Long Wang , Long Wang is with IBM T. J. Watson Research Center 1101 Kitchawan Rd, Yorktown Heights, NY 10598.(email:firstname.lastname@example.org)
Checkpointing and rollback techniques enhance reliability and availability of virtual machines and their hosted IT services. This paper proposes VM-μCheckpoint, a lightweight pure-software mechanism for high-frequency checkpointing and rapid recovery for VMs. Compared with existing techniques of VM checkpointing, VM-μCheckpoint tries to minimize checkpoint overhead and speed up recovery by means of copy-on-write, dirty-page prediction and in-place recovery, as well as saving incremental checkpoints in volatile memory.
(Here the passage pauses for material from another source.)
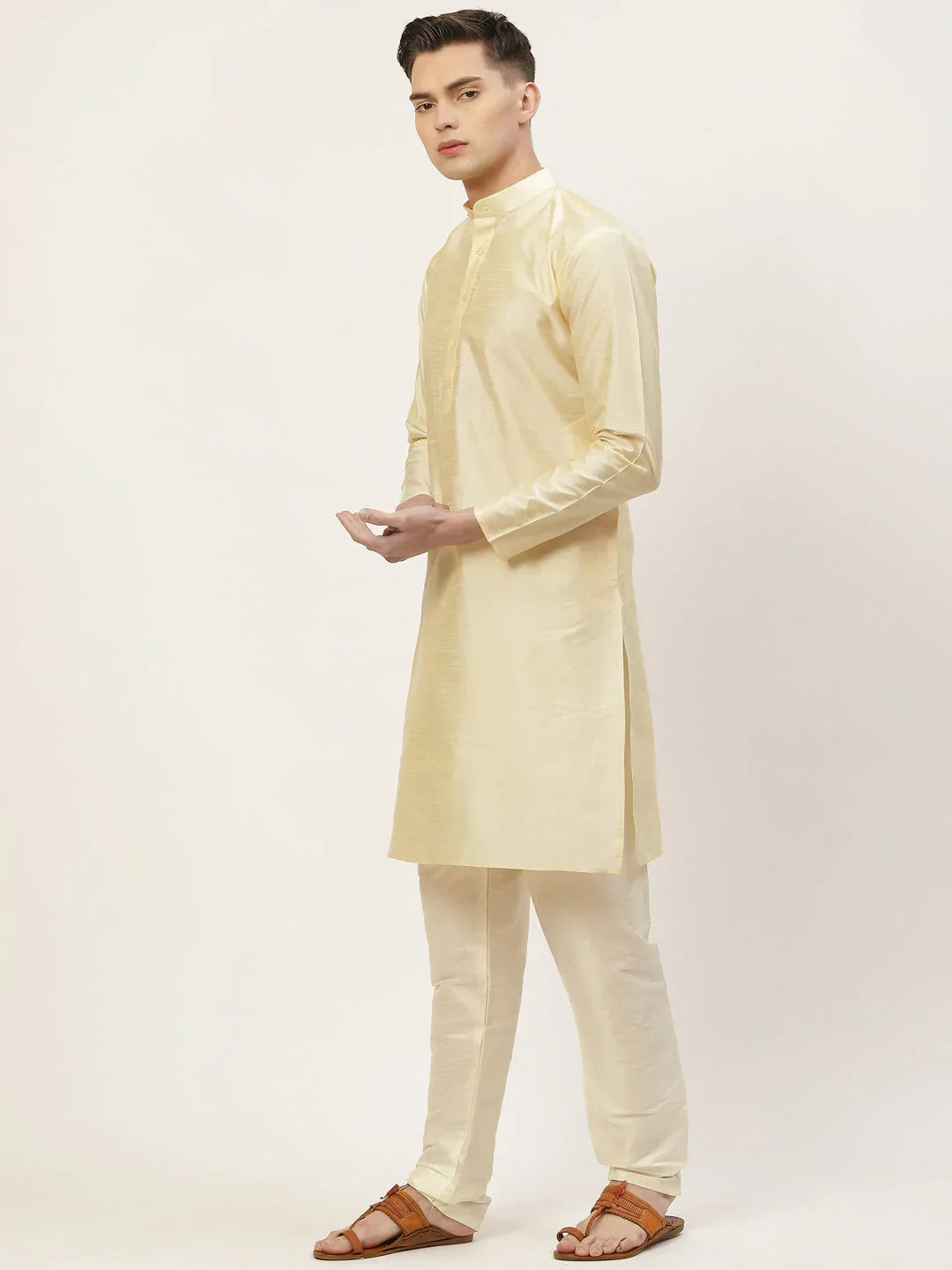 Jompers Men's Solid Kurta Pyjama With Floral Navy Printed Nehru Jacket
Moreover, VM- μCheckpoint deals with the issue that latency in error detection potentially results in corrupted checkpoints, particularly when checkpointing frequency is high. We also constructed Markov models to study the availability improvements provided by VM-μCheckpoint (from 99% to 99.98% on reasonably reliable hypervisors). We designed and implemented VM-μCheckpoint in the Xen VMM. The evaluation results demonstrate that VM-μCheckpoint incurs an average of 6.3% overhead (in terms of program execution time) for 50ms checkpoint intervals when executing the SPEC CINT 2006 benchmark. Error injection experiments demonstrate that VM-μCheckpoint, combined with error detection techniques in RMK, provides high coverage of recovery.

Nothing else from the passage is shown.